Retype the data that follows line by line, exactly, and leave its pictures out.

Collected data
·····
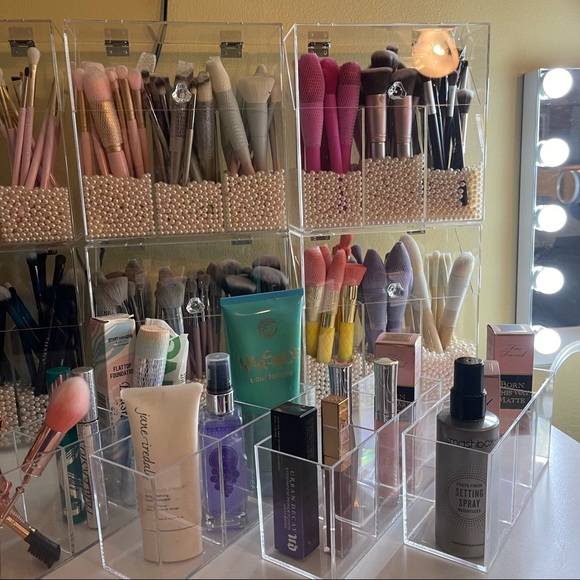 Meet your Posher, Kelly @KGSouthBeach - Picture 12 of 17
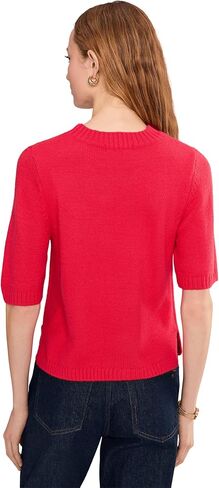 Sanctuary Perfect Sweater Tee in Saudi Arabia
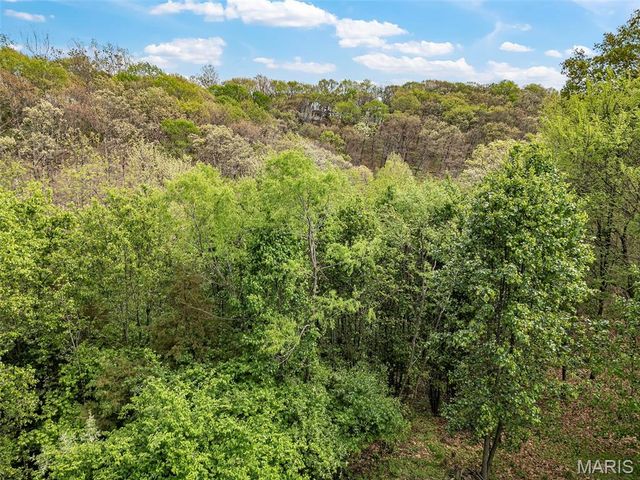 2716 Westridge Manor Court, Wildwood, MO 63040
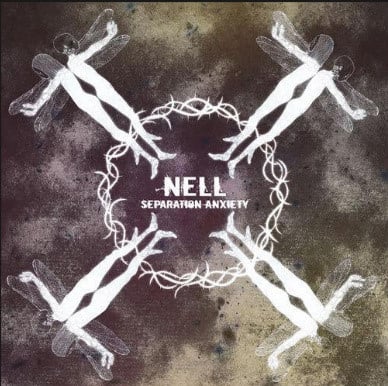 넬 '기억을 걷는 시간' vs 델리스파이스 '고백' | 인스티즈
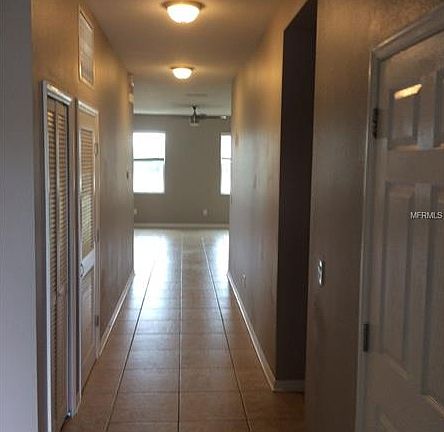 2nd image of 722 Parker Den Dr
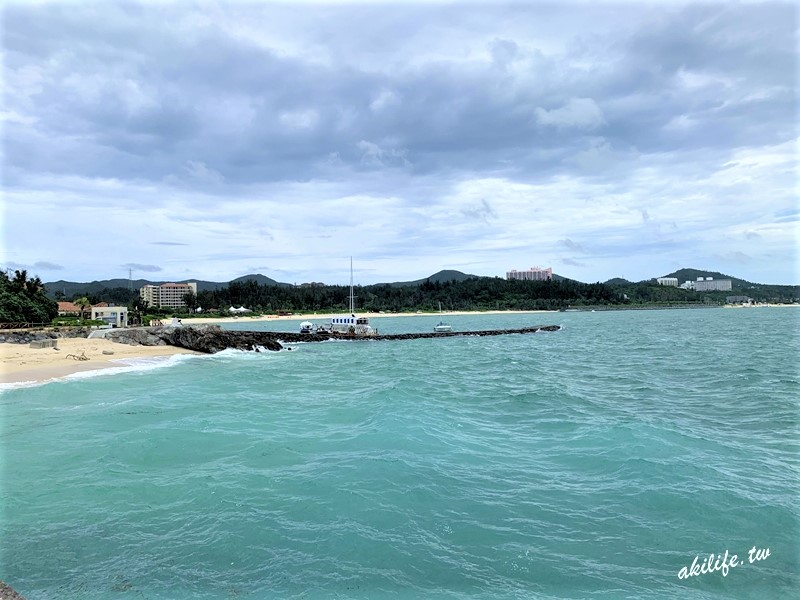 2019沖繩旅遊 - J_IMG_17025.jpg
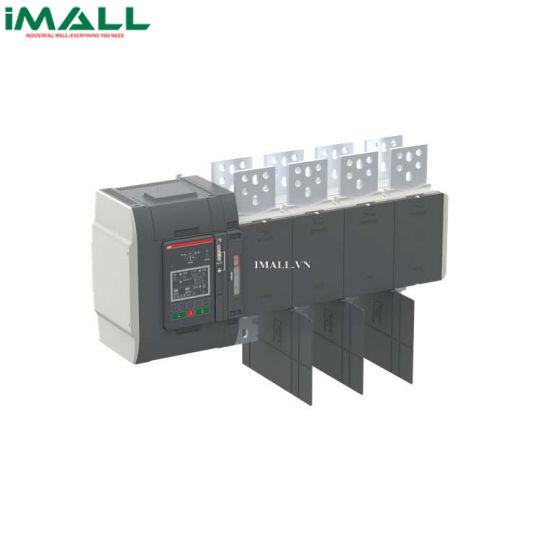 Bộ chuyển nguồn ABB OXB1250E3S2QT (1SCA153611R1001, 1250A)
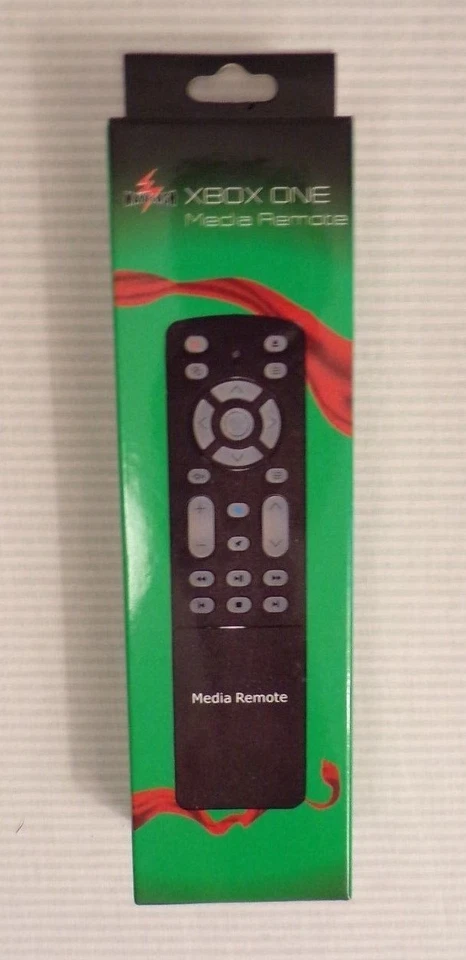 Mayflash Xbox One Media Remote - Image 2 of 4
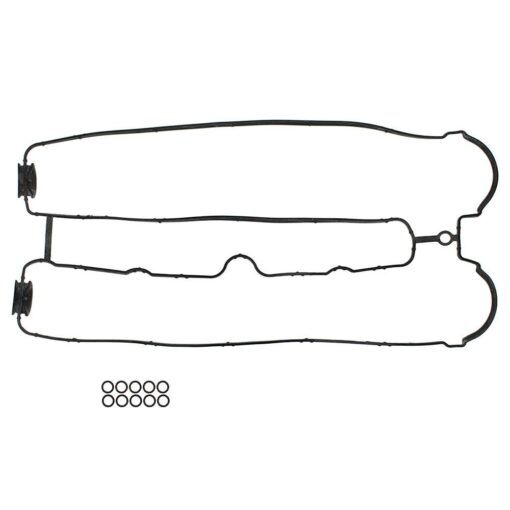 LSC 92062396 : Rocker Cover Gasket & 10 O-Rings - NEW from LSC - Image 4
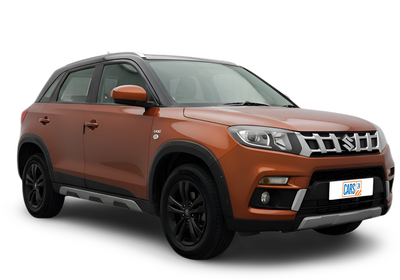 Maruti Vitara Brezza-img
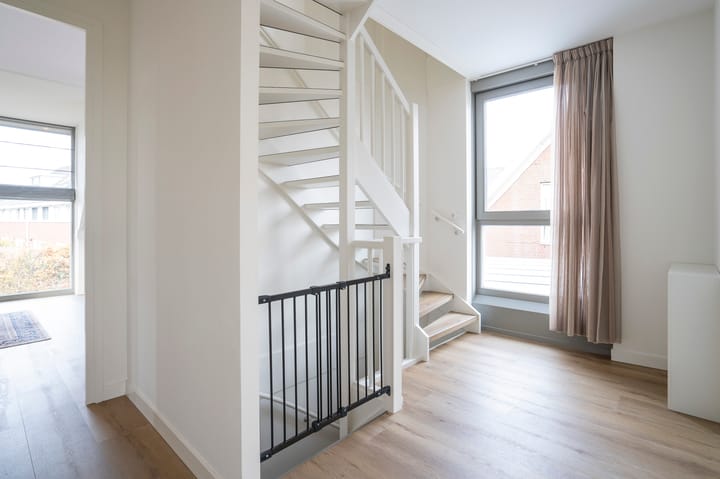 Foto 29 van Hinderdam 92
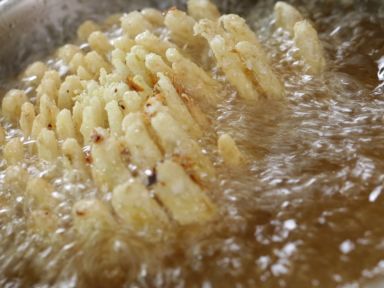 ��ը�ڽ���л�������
·····
Answer below:
 Meet your Posher, Kelly @KGSouthBeach - Picture 12 of 17
 Sanctuary Perfect Sweater Tee in Saudi Arabia
 2716 Westridge Manor Court, Wildwood, MO 63040
 넬 '기억을 걷는 시간' vs 델리스파이스 '고백' | 인스티즈
 2nd image of 722 Parker Den Dr
 2019沖繩旅遊 - J_IMG_17025.jpg
 Bộ chuyển nguồn ABB OXB1250E3S2QT (1SCA153611R1001, 1250A)
 Mayflash Xbox One Media Remote - Image 2 of 4
 LSC 92062396 : Rocker Cover Gasket & 10 O-Rings - NEW from LSC - Image 4
 Maruti Vitara Brezza-img
 Foto 29 van Hinderdam 92
 ��ը�ڽ���л�������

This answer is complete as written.